When asked to appear on the show, Stephen Colbert believed that he was merely going to an audition, but was "thrilled" when the production staff told him he actually had a part in the episode. Colbert was pleased that his character was named Colby and that his appearance was similar to that of his own, although he had not expected the animators to retain his glasses for the design. He based his performance on Tony Robbins, and described the recording sessions as "the hardest job."

==Cultural references==
While in Chicago, Mr. Burns and Homer walk into a salon called "Ferris Bueller's Day of Beauty" in a reference to Ferris Bueller's Day Off. When they exit the salon, they are dressed as Ferris (Burns) and his friend Cameron (Homer), respectively. Lionel Richie sings "Say You, Say Me" on the flight. He makes it about beer at Homer's requests. The two titles, when changed, are "Hey You, Beer Me" and "Beer Beer, Beer Beer," the latter of which Homer forgets the words to. Mr. Burns and Homer catch a show at the real-life Second City Theater. Both Dan Castellaneta and guest star Stephen Colbert were members of Second City early in their careers. The episode's title is a reference to Delta Air Lines' 1987 slogan, "We love to fly, and it shows."

==Reception==
The episode averaged 9.7 million viewers and a 4.7 overnight Nielsen rating and a 12 percent audience share. The episode had the highest demo ratings of any Simpsons episode since "The Wife Aquatic", which aired January 7, 2007.

Brian Tallerico of UGO gave the episode a C (a mixed review), expressing disappointment after the well received The Simpsons Movie. He felt the writers went "right back to their old clichés and sadly repetitive jokes", though praised the altered opening sequence.

Robert Canning of IGN also gave the episode 5/10, praising the opening sequence but found most of the episode mediocre, especially Stephen Colbert's appearance. Nonetheless, "even a mediocre episode will have a few comic gems hidden inside. The time spent in Chicago is quite enjoyable, including a great Ferris Bueller sight gag, and life coach Colby delivers a zinger of a line comparing Homer's attitude to that of the United States of America."

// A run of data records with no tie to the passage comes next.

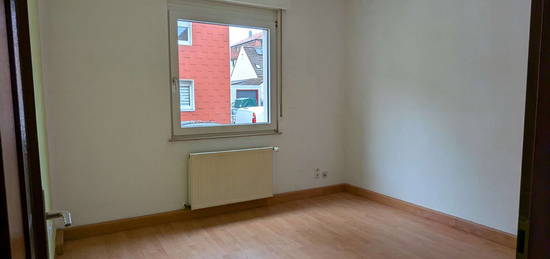 2-Zimmer-Hochparterre-Wohnung mit EBK in Heilbronn Böckingen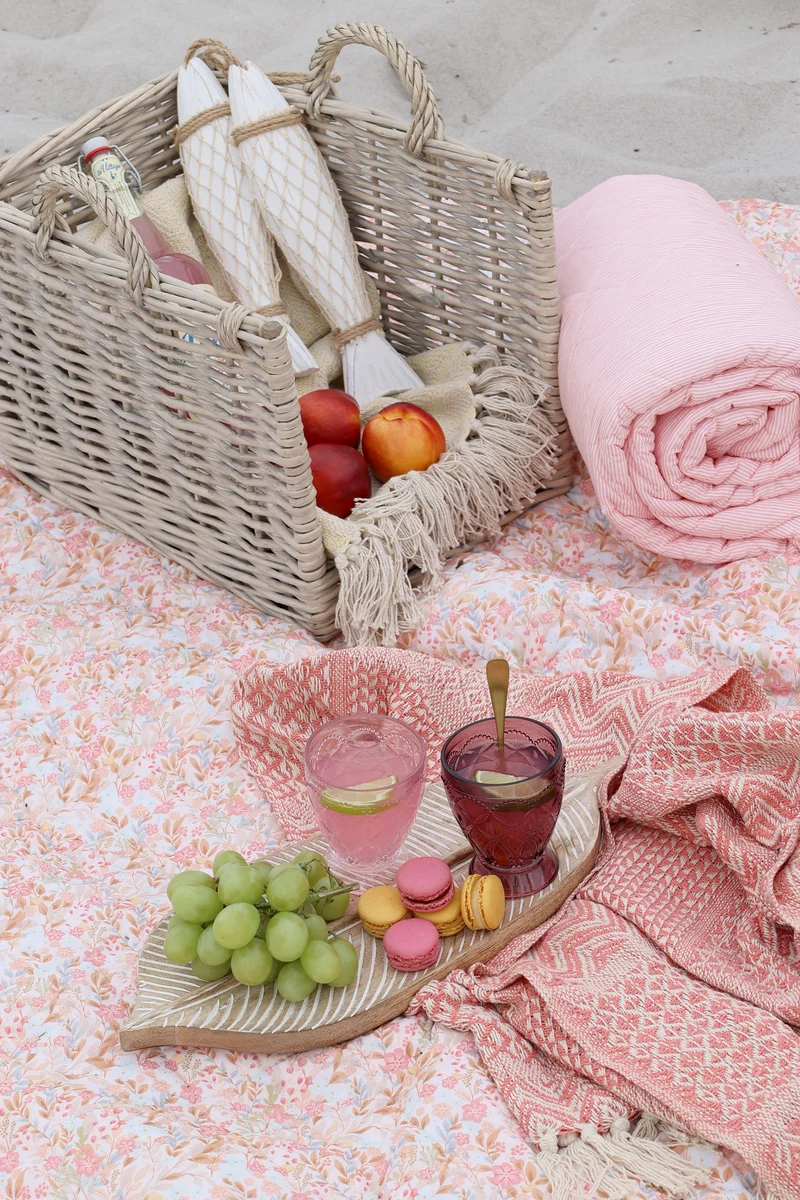 Chic Antique Aix Quilt mit Blumen Rosa & Sky Blue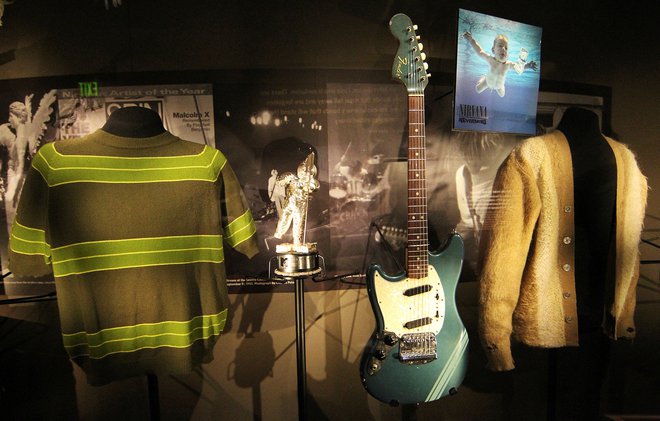 Predmeti, ki spominjajo na legendarnega glasbenika. FOTO: Anthony Bolante/Reuters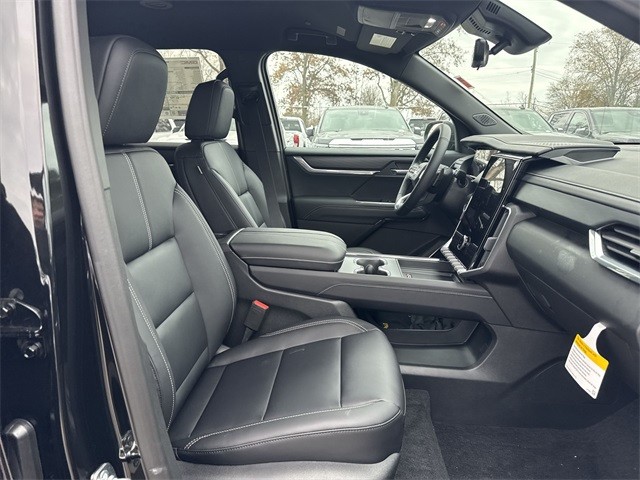 GMC Acadia Vehicle Full-screen Gallery Image 25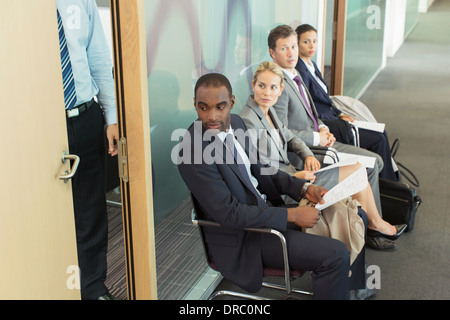 Geschäftsleute, die im Wartebereich sitzen Stockfoto
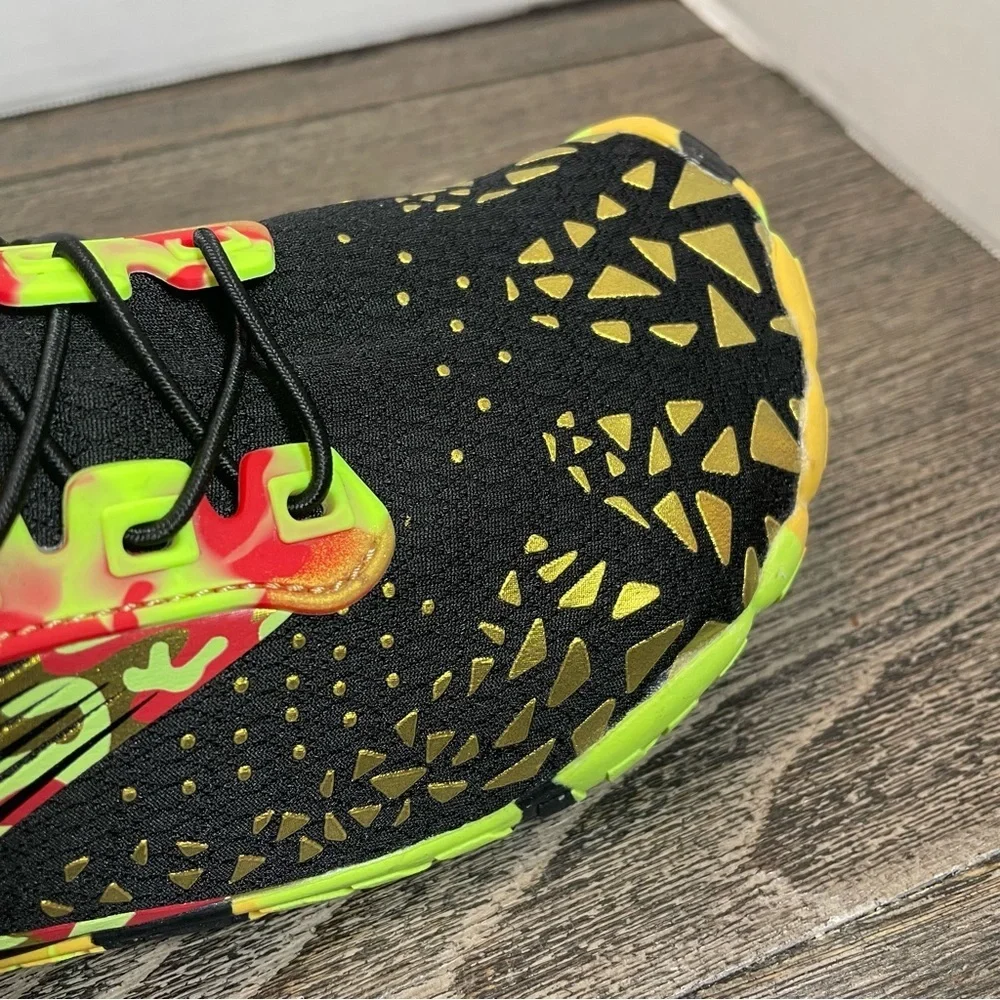 Women’s outdoor Geometric Sneakers. Quick dry. Pre-owned. Size 40.
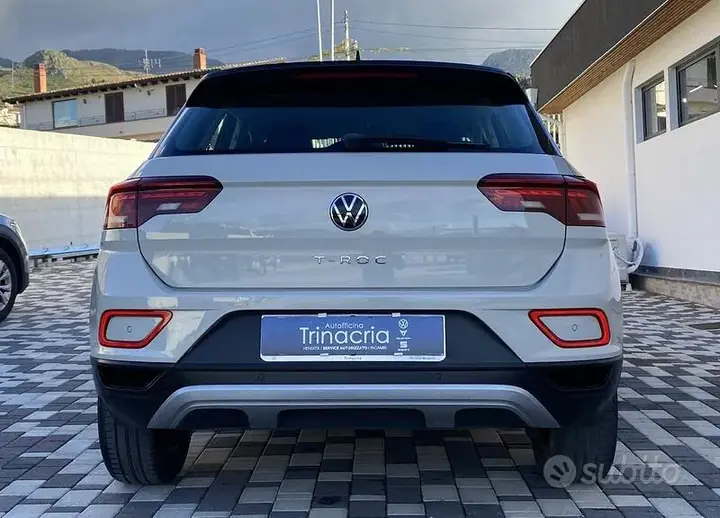 Volkswagen T-Roc Life 2022 photo 5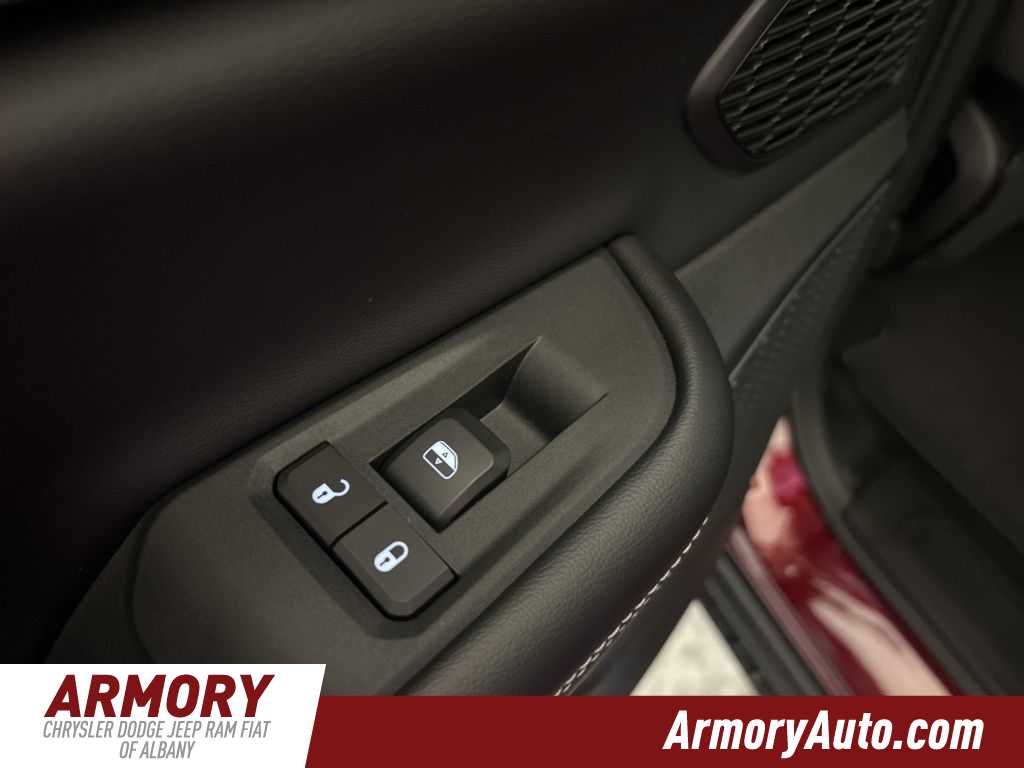 Thumbnail: 2026 Jeep Grand Cherokee - 27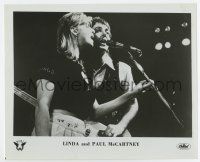7m711 PAUL MCCARTNEY/LINDA MCCARTNEY 8x10 music publicity still '80s performing in Wings!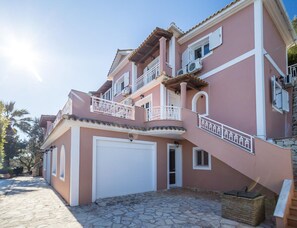 5 bedrooms - Villa Doreta in Koridallos (Zakynthos)
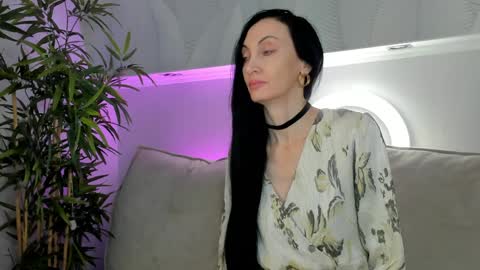 Avrora online show from April 11, 1:21 am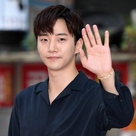 【PHOTO】2PM ジュノ＆チョン・リョウォン＆チャン・ヒョクら、ドラマ「油っこいロマンス」打ち上げに出席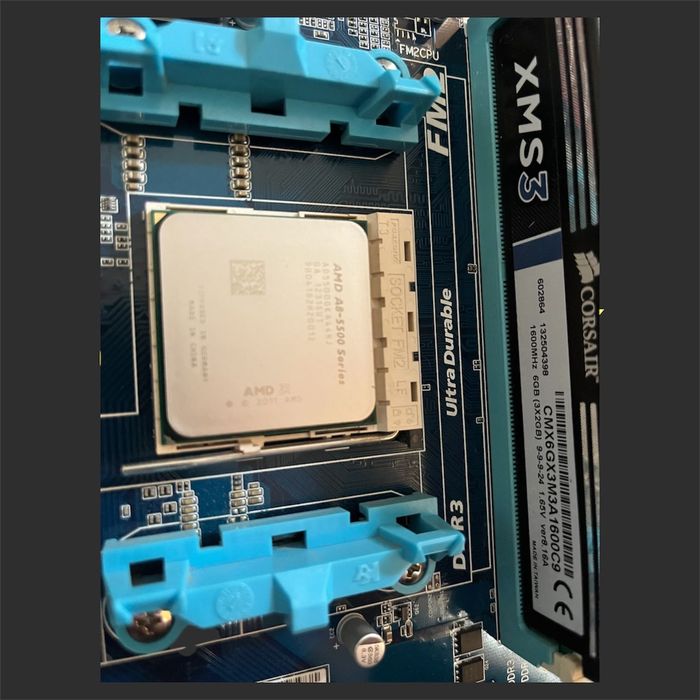 Gigabyte GA-F2A55-DS3,с процессором AMD A8-5500s и памятью 6gb-XMS3!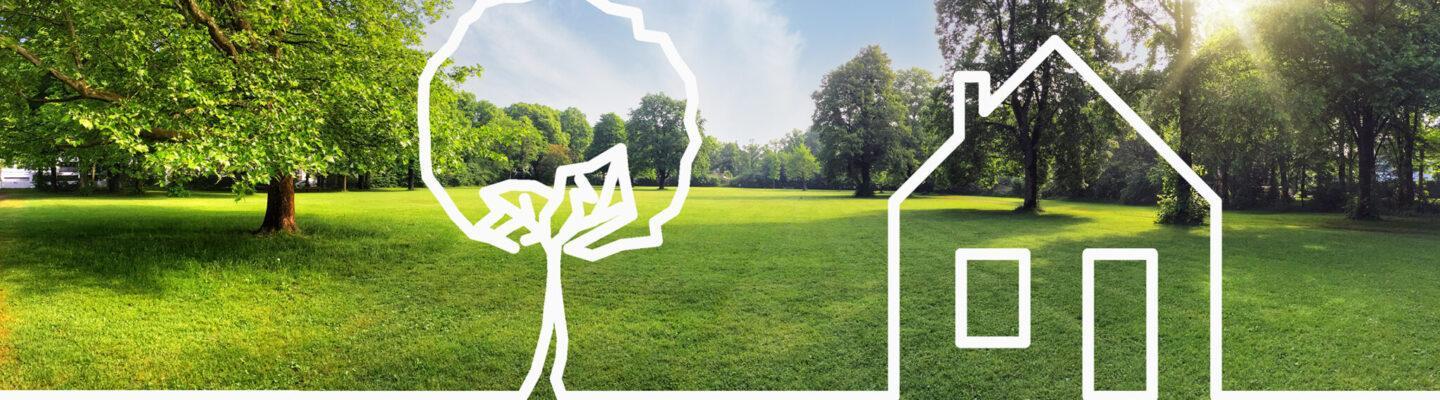 Weite grüne Parklandschaft mit Bäumen und Sonnenlicht; darübergelegt sind weiße Linienzeichnungen eines Baumes und eines Hauses, die Natur und Wohnen symbolisieren.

Richard Keller of TV Squad praised the episode, saying "after watching so many recent ones where Homer seemed like a barely functioning mental patient, I wasn't used to a Homer that was actually fairly normal." Al Jean, the current executive producer of The Simpsons, has called the episode one of his personal favorites.

Prefix Mag's Andrew Martin named Lionel Richie his ninth favorite musical guest on The Simpsons out of a list of ten.